Lo mismo les diría a los divinos arquitectos. Iros a Dubai, a los Emiratos A cualquier lugar en donde hayan decidido crear el espejo distorsionado de nuestros skylines. Pero sabed que ya no cambiáis las ciudades, ni ayudáis al ser humano -salvo a un único ser humano: el que cobra por el proyecto-, ni todas esas patrañas que nos largáis para justificar la construcción de lo que son, a menudo, verdaderas obras de arte abstractas y representativas de nuestro absurdo. Aquí, en Occidente, vuestras obras se apelmazan en el muro: no os queda sino contribuir al esperpéntico e igualmente vacío engalanamiento de Oriente. Y debéis consolaos, porque lo mejor ya está hecho. El Chrysler Building y el puente de Brooklyn ya están construidos. Claro que eso es anterior a vosotros, pero no me quiero poner picajosa.

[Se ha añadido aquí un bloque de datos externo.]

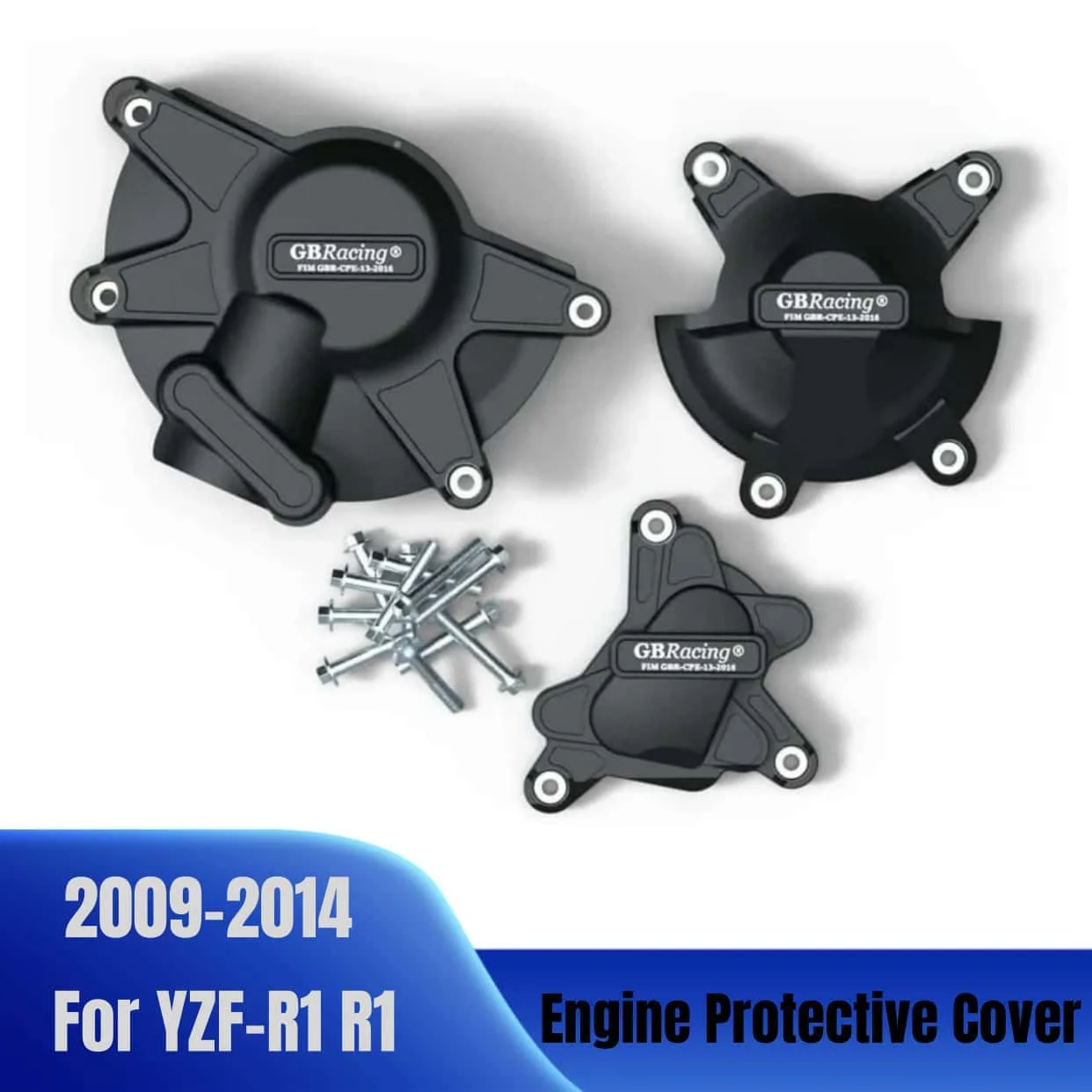 

For YAMAHA YZF-R1 R1 2009 2010 2011 2012 2013 2014 Engine guard cover For GBRacing Motorcycle Engine Protection Cover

Digamos que ya tenemos la envoltura que nos merecemos, y en algunos casos hay que aceptar que es verdaderamente hermosa. Hay que empezar de nuevo.
Hozaba en estas sensatas reflexiones cuando cayeron frente a mis ojos, vía pantalla de ordenador, las frases pomposas de Jean Nouvel -el de la torre Agbar: copia de mis vibradores, si no les molesta, pero no pienso pleitear-, tras la recepción de un prestigioso premio. Parece que está dispuesto a seguir con lo suyo, cosa de la que me alegro, porque tiene edificios notables. Pero no deja de resultar angustioso que esta gente ni se entere, ni quiera enterarse del mundo en que vive. Si Dante hubiera vivido hoy habría mandado a los de su especie a vivir la eternidad con los pirómanos urbanos. Les encantan los solares vacíos, no importa de dónde vengan.
Me sentí tan desazonada por la insensibilidad de Nouvel como determinada a averiguar qué había dicho realmente Philippe Stark. Y así fue como entré en www.ted, encontré el vídeo de su conferencia y comprendí que el tipo lleva tiempo dando vueltas a la misma idea, pero a su manera: si los tiempos son bárbaros, no hay espacio para el arte. No hay sitio para lo superfluo, diría yo. Pero a la barbarie le ha precedido la decadencia.